→ **The problem**: Please print exactly the lines from the line containing "Coming in at" through the end of the data, no more, and keep pictures out of the copy.
┌─ Supplied information
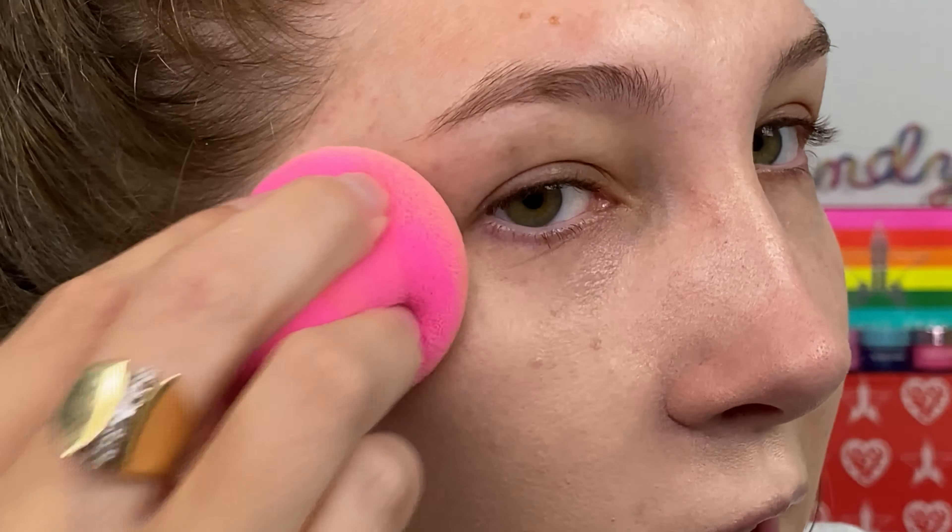Let me zoom in so you can get a close look. It feels really lightweight and it doesn't look like it's sticking to any dry spots. I do have a decent amount of dry spots around my nose area from blowing my nose a lot — allergies or a cold. But so far it looks pretty good on my skin. It's not emphasizing pores, spreads pretty easily, and works pretty well with the Beauty Blender.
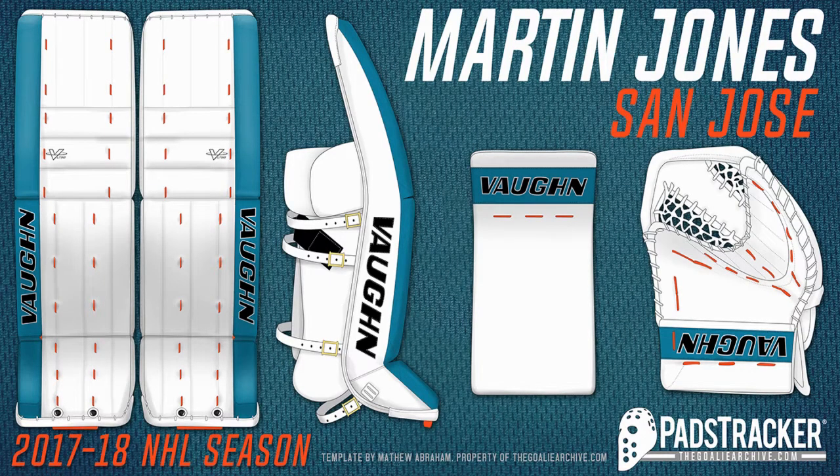Coming in at number 7: Martin Jones. Pretty sure I had either him or Aaron Dell higher up on my list last year, but new pads came in this year which makes Martin Jones move up a little bit higher. They look retro, and that is what I like with a lot of these pads that some of the guys these days have. I feel like these pads would be rated even higher if it weren't for the orange stitching. Very good distance between each other, very good stitch work by whoever made these. I got to see Martin Jones play a few years back and he was wearing pads similar to this, and ever since then I've always been hooked.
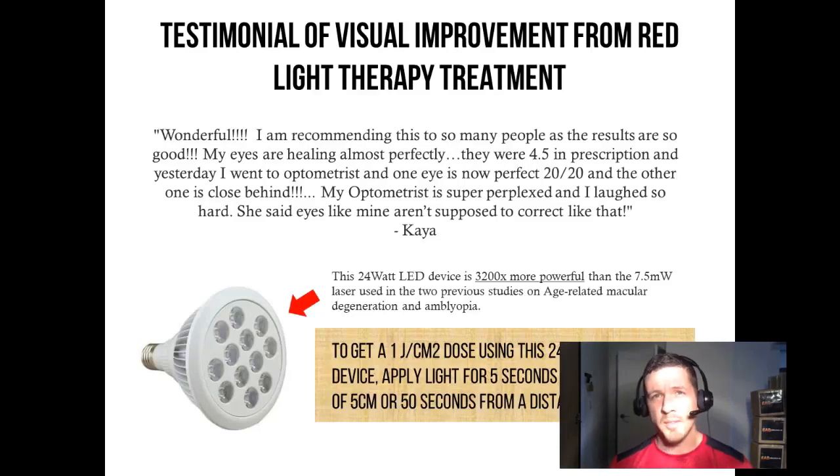A while back, I got a testimonial from somebody from Toronto, Ontario, who purchased a red light therapy device named Kaya. She used it on her eyes and had an incredible story of visual improvement. So here's some anecdotal evidence for you — I'll read her testimony.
└─
→ **Output for this task**:
Coming in at number 7: Martin Jones. Pretty sure I had either him or Aaron Dell higher up on my list last year, but new pads came in this year which makes Martin Jones move up a little bit higher. They look retro, and that is what I like with a lot of these pads that some of the guys these days have. I feel like these pads would be rated even higher if it weren't for the orange stitching. Very good distance between each other, very good stitch work by whoever made these. I got to see Martin Jones play a few years back and he was wearing pads similar to this, and ever since then I've always been hooked.
A while back, I got a testimonial from somebody from Toronto, Ontario, who purchased a red light therapy device named Kaya. She used it on her eyes and had an incredible story of visual improvement. So here's some anecdotal evidence for you — I'll read her testimony.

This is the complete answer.